Toutefois, le MIT se veut au service de son pays, ce qui va à l’encontre de l’idée de partage universel avec un réseau transfrontière de communautés prônée par les hackers : « Bref, une fois de plus nous pouvons produire et produirons le genre de nouvelles idées dont notre nation a besoin. »
Sans aller si loin, ni si prestigieux, le lycée autogéré de Paris s’inscrit aussi dans cette veine pédagogique. Mais elle reste une expérimentation rare et menacée par les baisses de budget.
Passion et subversion
Alors qu’attend-on pour généraliser ces idées ? Déjà parce qu’elles ne prennent sens qu’autour d’une notion-clé chez les hackers, la passion, incompatible avec la mission de l’Éducation nationale : faire acquérir des connaissances et des compétences qui vont du fonctionnement de l’appareil reproductif aux guerres napoléoniennes en passant par l’expression écrite et le Power Point.

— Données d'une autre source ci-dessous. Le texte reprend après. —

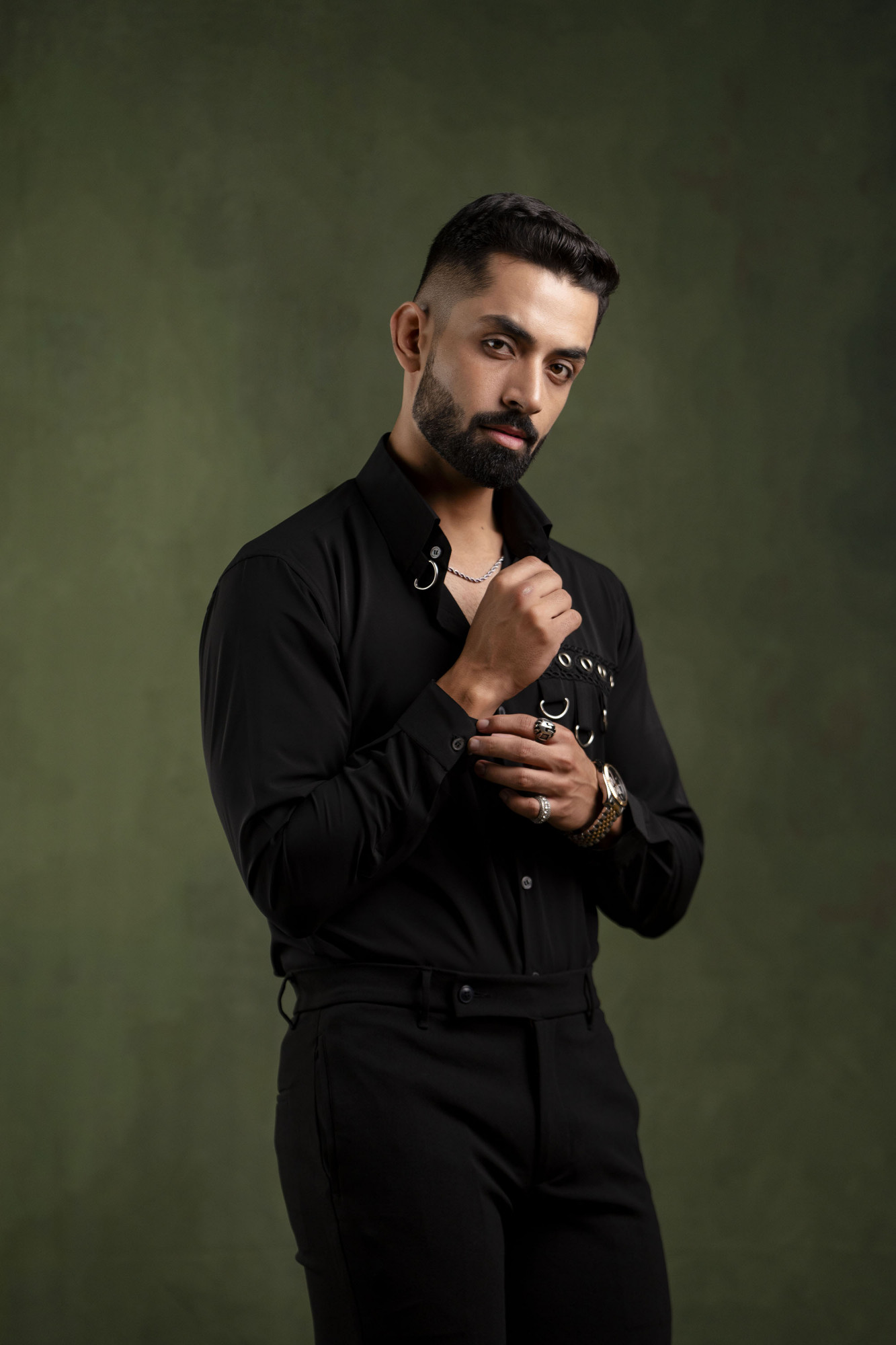 D-Buckle Motif Shirt In Black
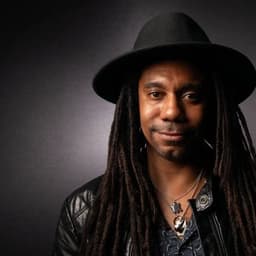 Julian Cross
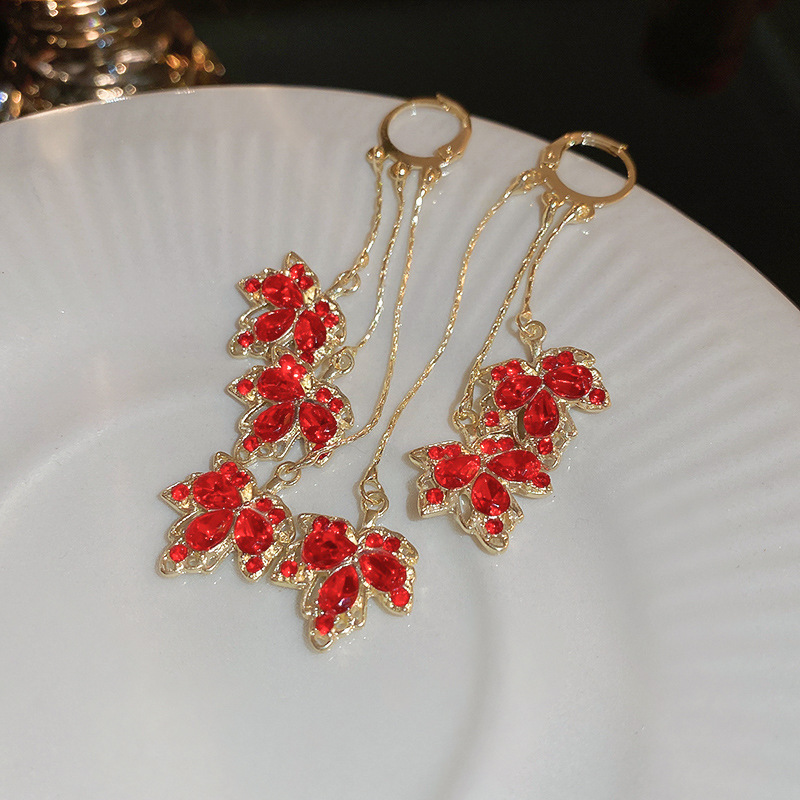 Diamante rojo-incrustado hoja de arce pendientes geométricos Luz de invierno de lujo de alto grado pendientes de Año Nuevo nicho pendientes de todo fósforo al por mayor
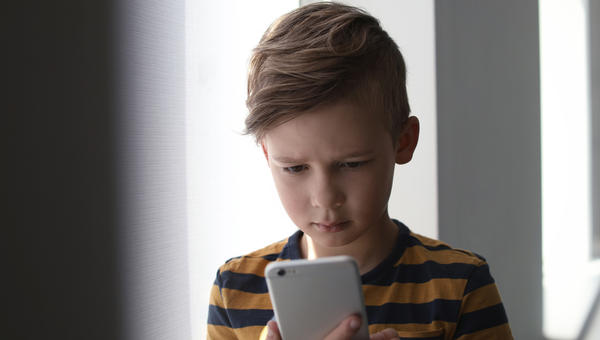 CHILD, SAD, SMARTPHONE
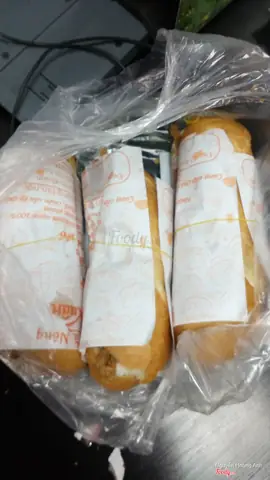 Review Bánh Mì Chả Cá Bùi Thị Xuân: Từ Chất Lượng Đến Giá Cả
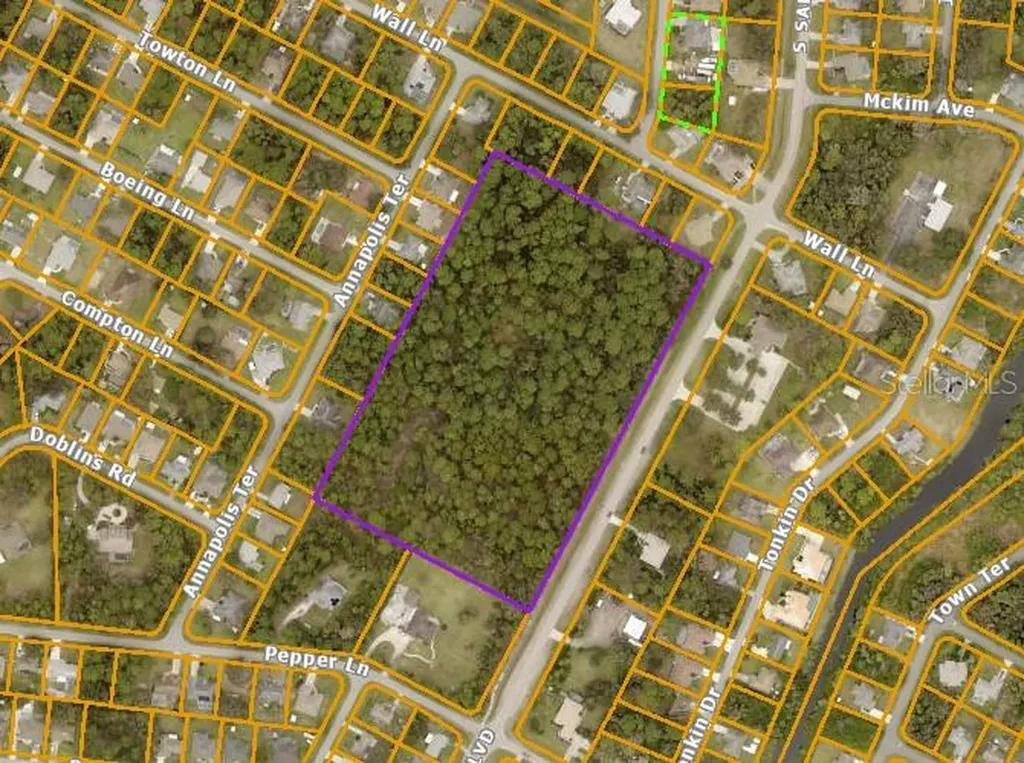 3751 S Salford Boulevard North Port FL 34287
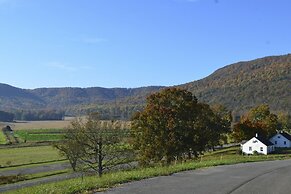 Mountain Cove Farms Resort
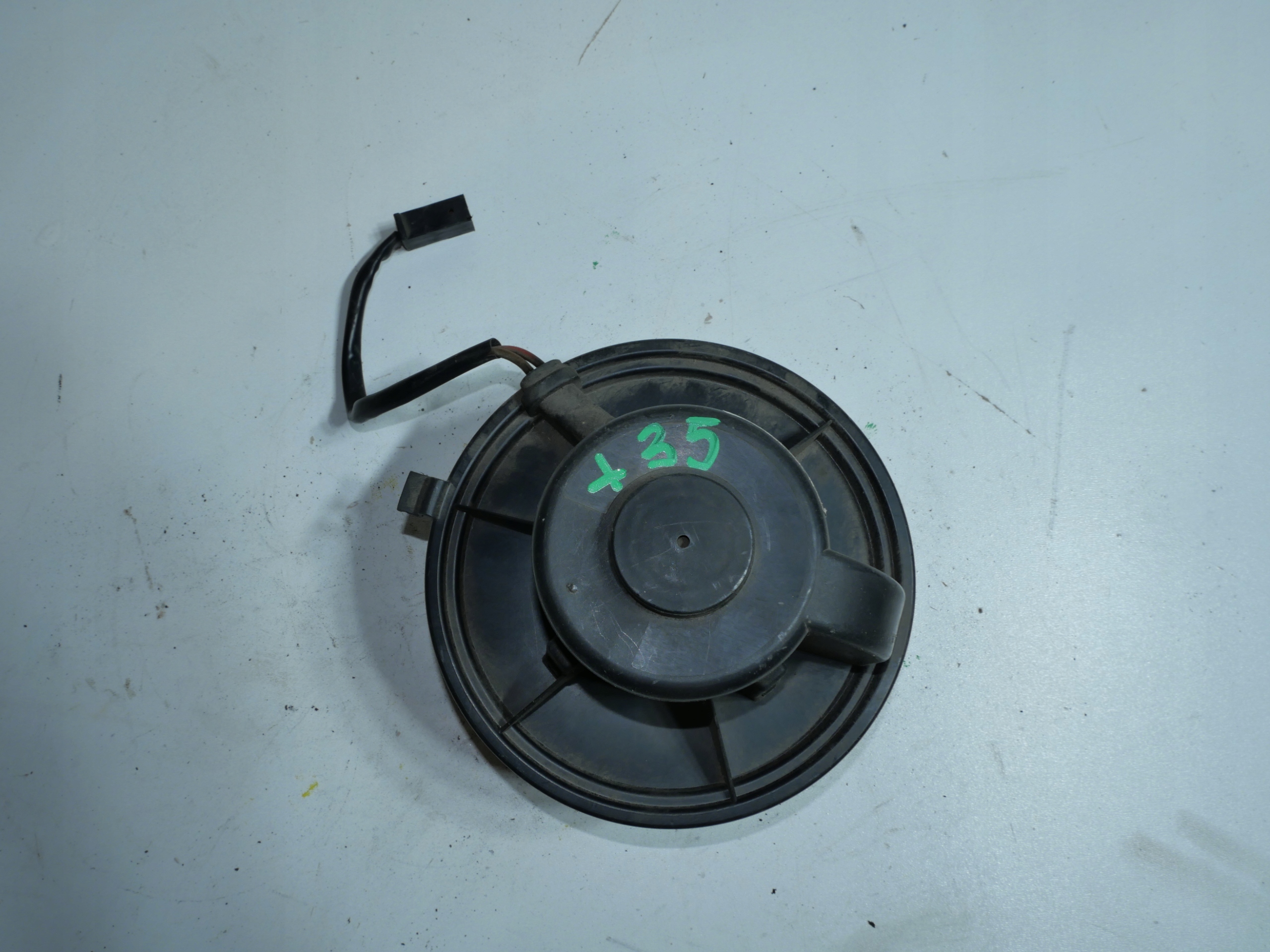 AUDI ventilátor topení tOPENÍ 893319021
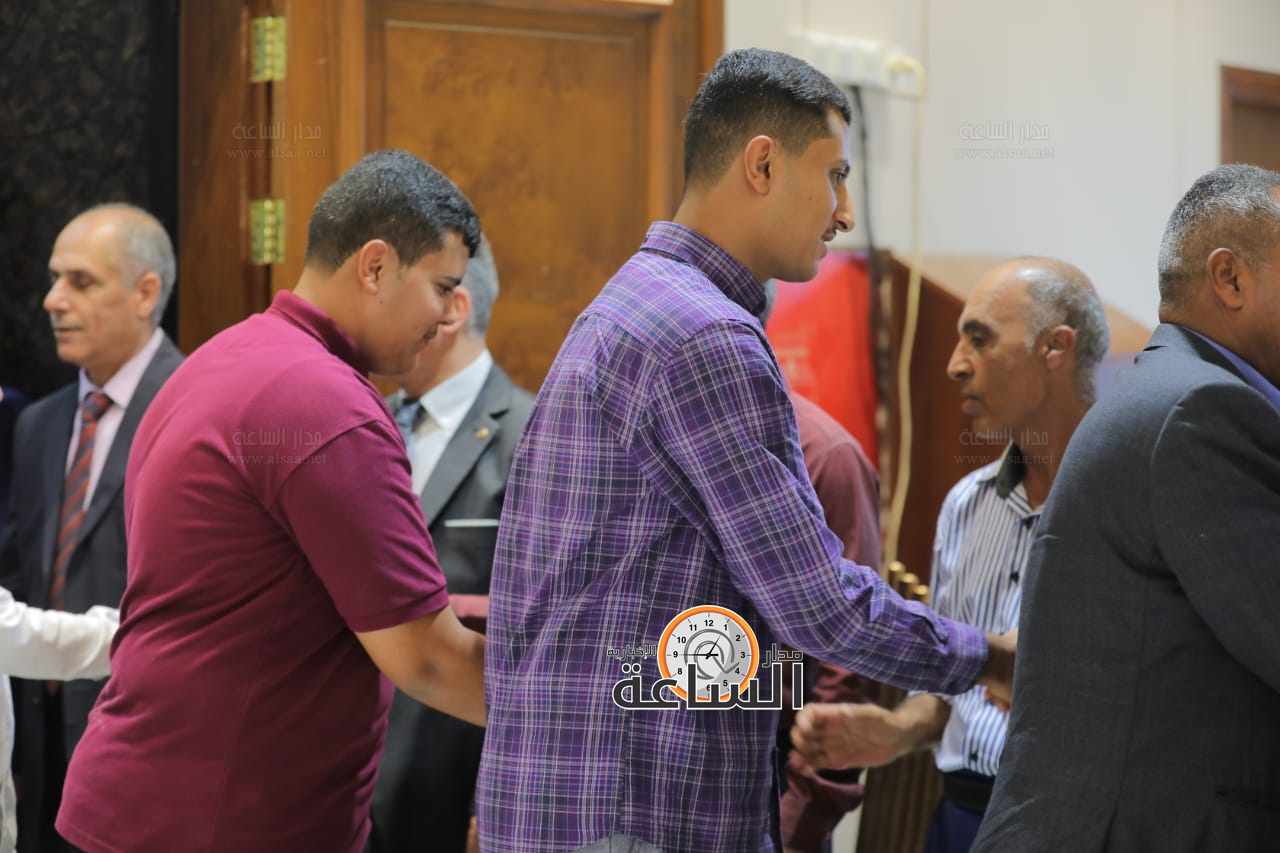 Madar Al-Saa Images 0.5459971331067537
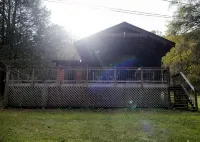 Charming Creekside 1940s Cottage, Kid/Dog Friendly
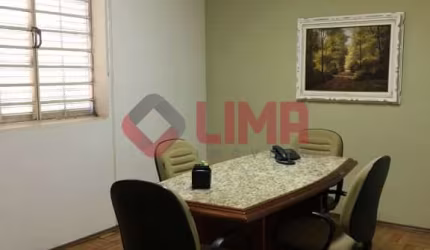 EXCELENTE SOBRADO PARA RESIDENCIAL E COMERCIAL NO VILA FLORES - BAURU / SP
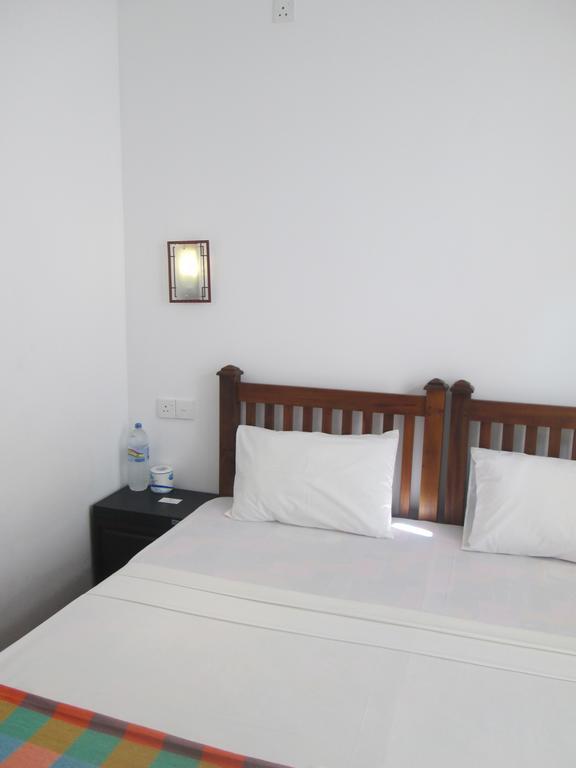 Bay Reach Home Stay Велигама Экстерьер фото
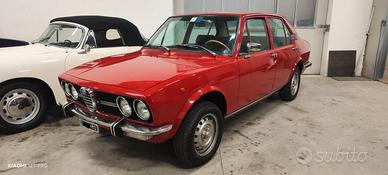 RARA Alfa Romeo Alfetta 1800 SCUDO STRETTO (ROSSO 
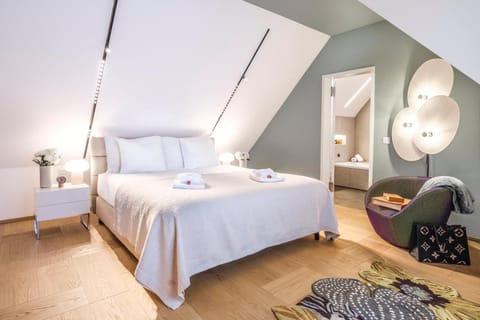 Bahnhofstrasse Designer Penthouse Private Rooftop Apartment in Zurich City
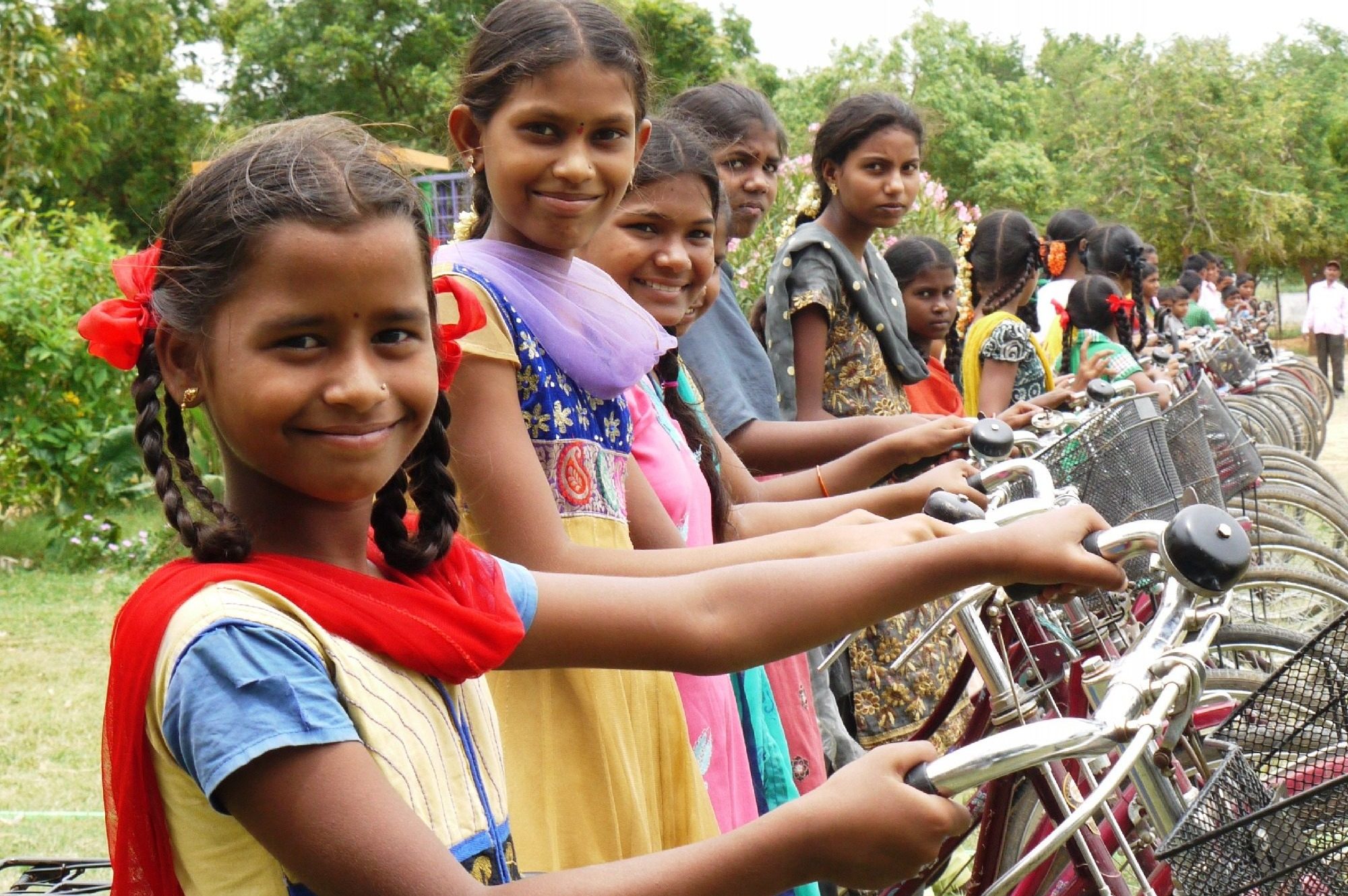 Mit einem Fahrrad Bildung in Indien ermöglichen, eine hoffnungsvolle Zukunft schenken und Zwangsheirat in Indien verhindern.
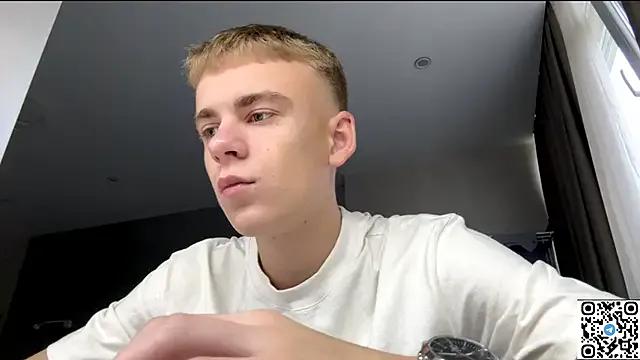 echowraith on StripChat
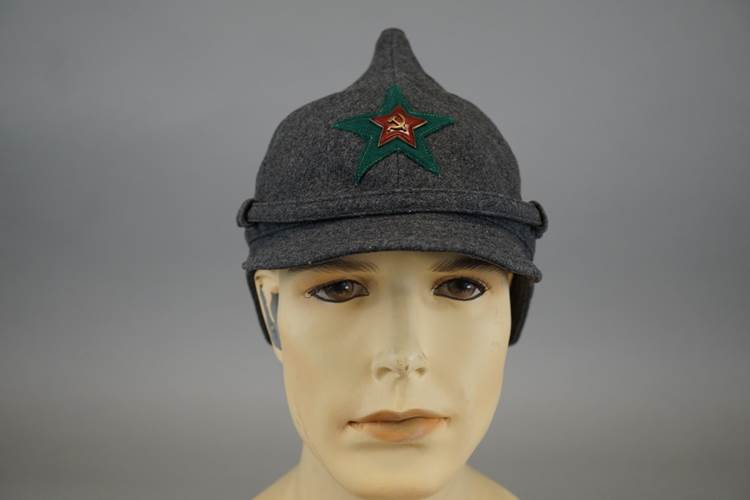 A mannequin wearing a hat

AI-generated content may be incorrect.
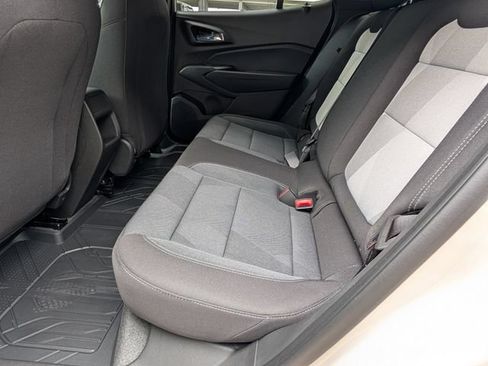 Used 2026 Chevrolet Trax RS w/ Sunroof Package FWD image 7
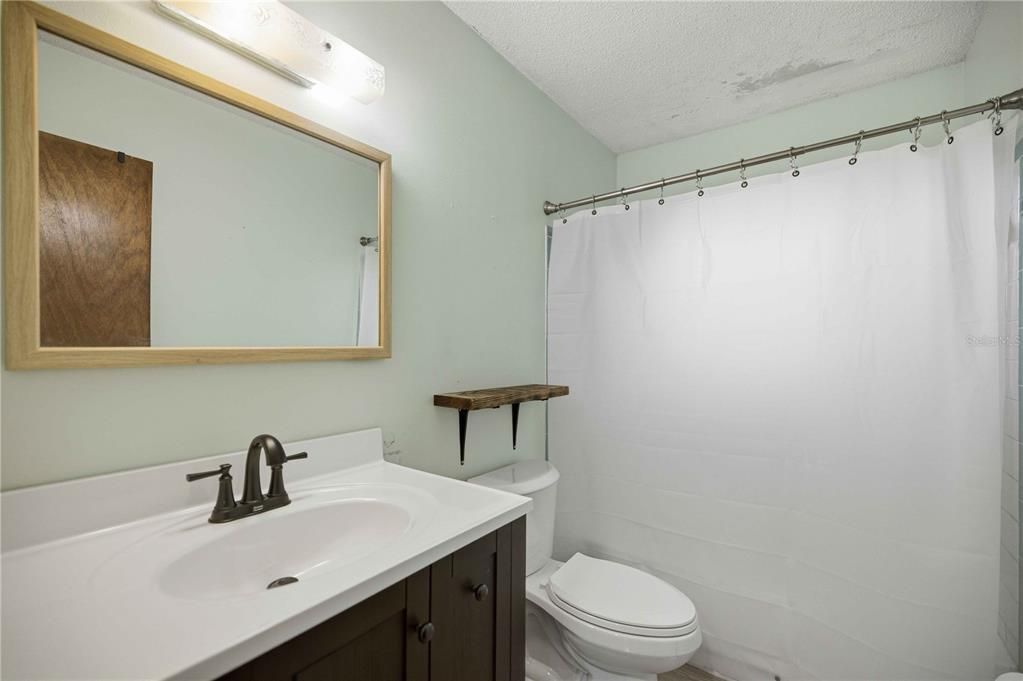 For Sale: $215,000 (3 beds, 2 baths, 1284 Square Feet)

Et surtout, ils laissent germer dans les esprits des graines subversives. Un papa geek expliquait ainsi dans un texte intitulé « Pourquoi je veux que ma fille soit un hacker » :
Les hackers évitent ce que j’appelle “le piège de la connaissance” – notre système éducatif consiste principalement à enseigner quoi penser, non pas comment penser. Ceci, de la maternelle au premier cycle.
Les hackers se concentrent sur les compétences plutôt que sur les connaissances, les gens ayant les compétences sont ceux qui survivent. Plus encore, c’est leur attitude qui rend les hackers efficaces. Les connaissances sont moins importantes car ils ont les compétences pour acquérir celle requise lorsque cela devient nécessaire. De plus, leur attitude indépendante les rend résistants au recours à l’autorité.
On commence par hacker ses LEGO, on finit par hacker la société.